◆ PROBLEM DESCRIPTION:
If a record holds a picture, drop the picture and return the rest of the record word for word.

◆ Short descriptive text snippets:
|---|

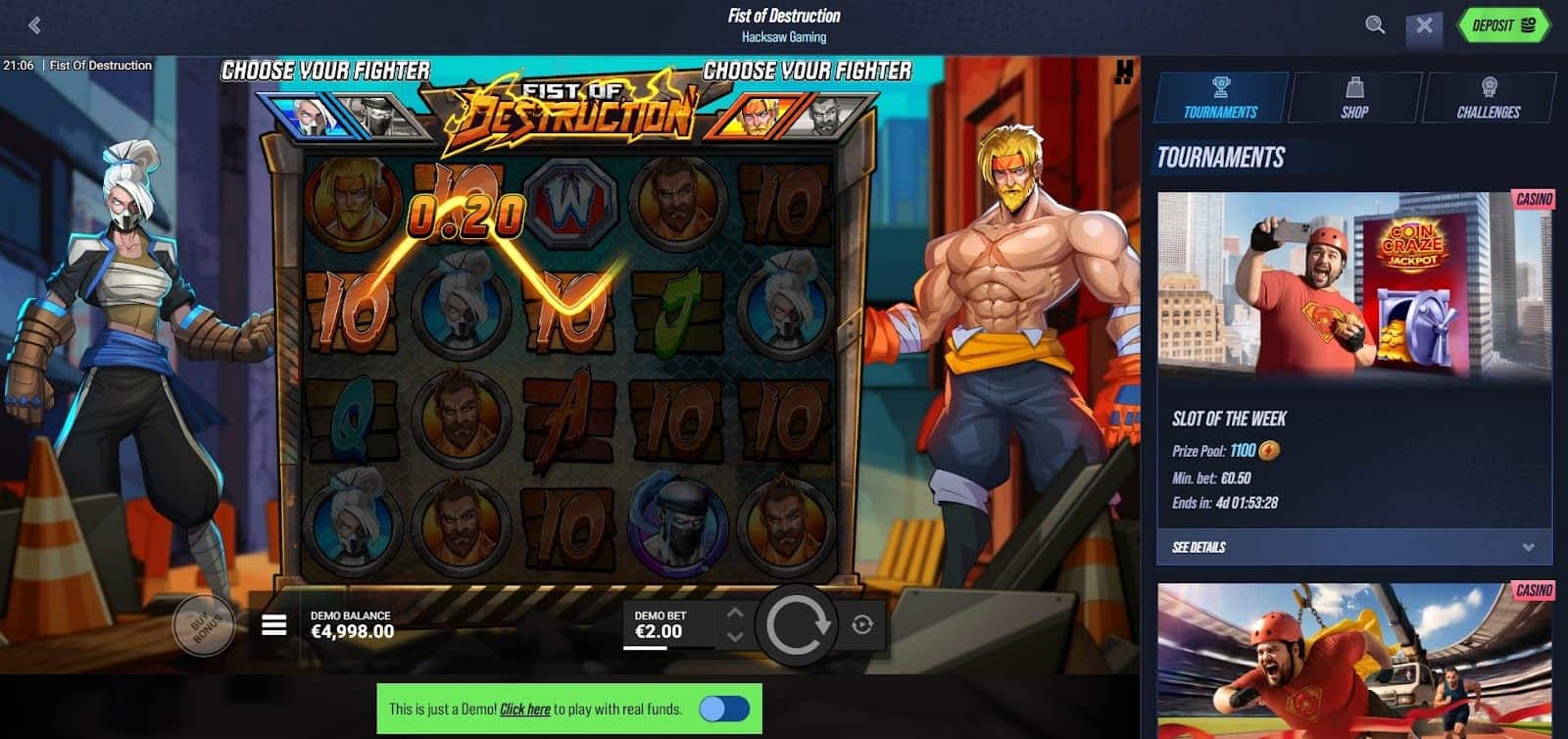 Vegas Hero - Fist of Destruction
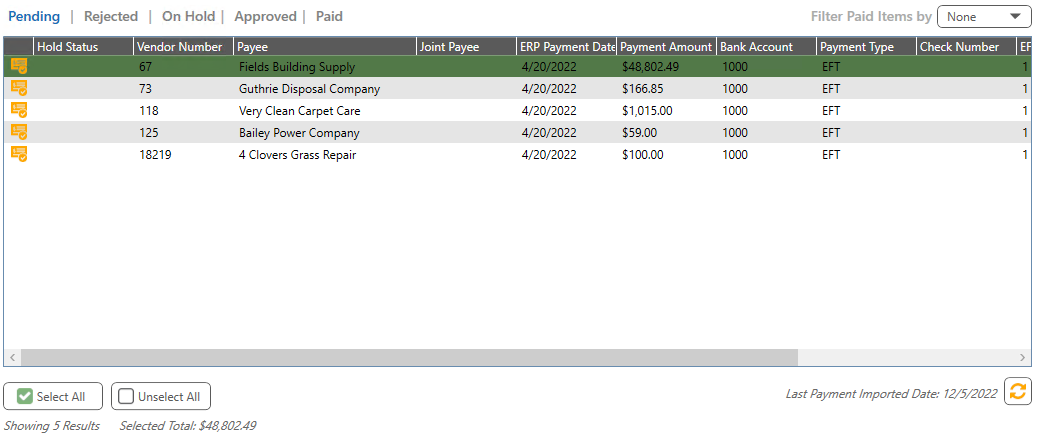 PaymentSearchResultsPaymentspane-mh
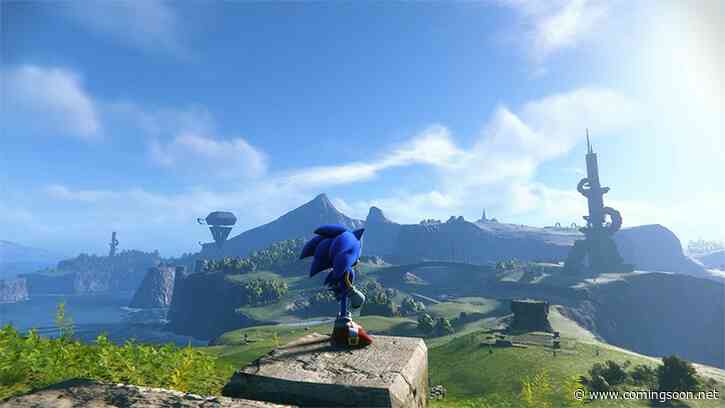 Sonic Frontiers Trailer Reveals Open-World, BOTW-Like Entry
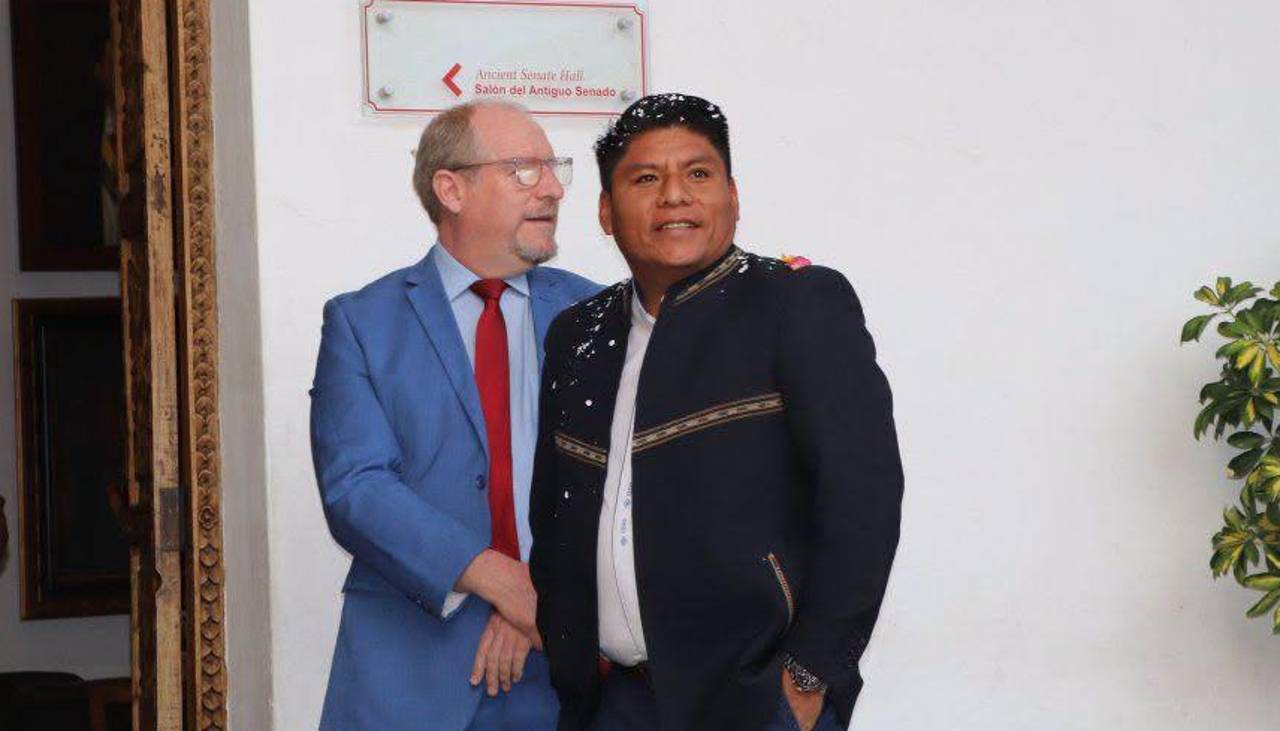 “Que no sea una charla, que no sea un saludo, sino lo que estamos planteando”, dice Loza sobre reunión con Paz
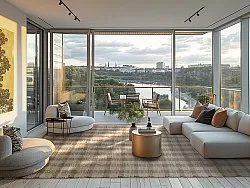 Vloerkleed Katoen - Noomi (beige)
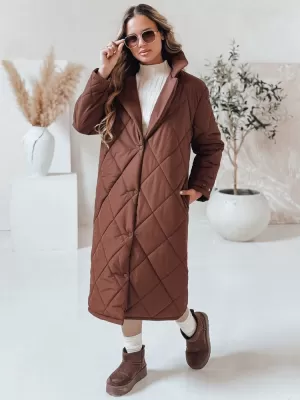 Damenjacke DSTREET TY4917 BRAUN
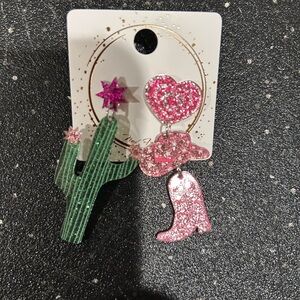 Western earrings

|---|

◆ FINAL ANSWER:
 Vegas Hero - Fist of Destruction
 PaymentSearchResultsPaymentspane-mh
 Sonic Frontiers Trailer Reveals Open-World, BOTW-Like Entry
 “Que no sea una charla, que no sea un saludo, sino lo que estamos planteando”, dice Loza sobre reunión con Paz
 Vloerkleed Katoen - Noomi (beige)
 Damenjacke DSTREET TY4917 BRAUN
 Western earrings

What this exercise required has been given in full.